13 For when God made a promise to Abraham, since he had no one greater by whom to swear, he swore by himself, 14 saying, “Surely I will bless you and multiply you.” 15 And thus Abraham, having patiently waited, obtained the promise. 16 For people swear by something greater than themselves, and in all their disputes an oath is final for confirmation. 17 So when God desired to show more convincingly to the heirs of the promise the unchangeable character of his purpose, he guaranteed it with an oath, 18 so that by two unchangeable things, in which it is impossible for God to lie, we who have fled for refuge might have strong encouragement to hold fast to the hope set before us. 19 We have this as a sure and steadfast anchor of the soul, a hope that enters into the inner place behind the curtain, 20 where Jesus has gone as a forerunner on our behalf, having become a high priest forever after the order of Melchizedek.  

–Hebrews 6:13-20

If you and I cling to the sacrifice, death, and resurrection of Jesus Christ as the payment for our sin and our assurance of eternal life with him and the Father, then we are both refugees–refugees from the devastation of the enemy of our souls.
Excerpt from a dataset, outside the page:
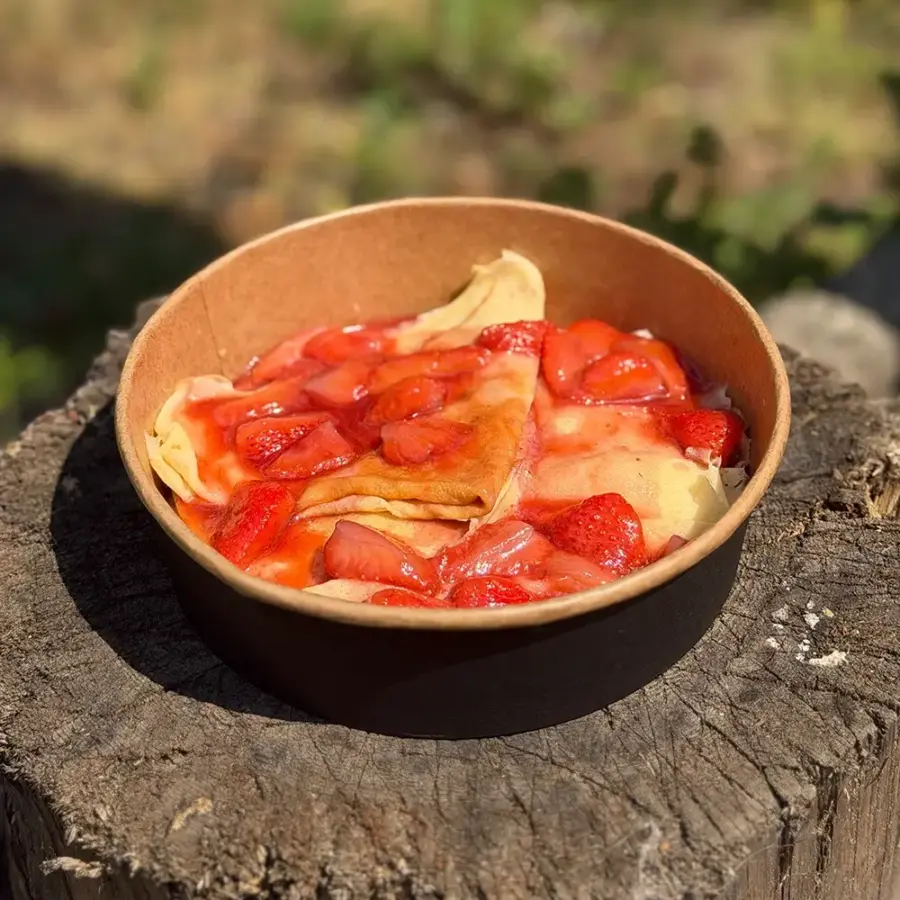 Млинці з карамелізованим персиком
Many of those living in our part of the country in South Texas are refugees right now as well.  As Hurricane Harvey formed and came closer to the coastline, many fled for refuge to higher, dryer, safer ground.  Refugees staying with family and friends until it is safe to return to their homes, if their homes are still there when all is over (for those in the hurricane’s path).

Dear friend, whether you are a refugee of natural disaster, of war, of political persecution, of genocide, of religious persecution, of King Herod, or of slavery to sin, you know what it is like to be a refugee.  The image at the beginning of this blog is a special one of the Holy Family:  Joseph, Mary, and the infant Jesus fleeing for refuge to Egypt as the angel instructed Joseph to spare the child’s life from King Herod who sought to kill his rival.  It was not yet Jesus’ time to die, but devastatingly it became a slaughter of all the baby boys two years old and younger.  Jesus knows what it is to be a refugee.  Jesus knows what it is for many innocent ones to die because of hatred and jealousy.

“…where Jesus has gone as a forerunner on our behalf…”  –Hebrews 6:20

1Now when they had departed, behold, an angel of the Lord appeared to Joseph in a dream and said, “Rise, take the child and his mother, and flee to Egypt, and remain there until I tell you, for Herod is about to search for the child, to destroy him.” 14 And he rose and took the child and his mother by night and departed to Egypt 15 and remained there until the death of Herod. This was to fulfill what the Lord had spoken by the prophet, “Out of Egypt I called my son.”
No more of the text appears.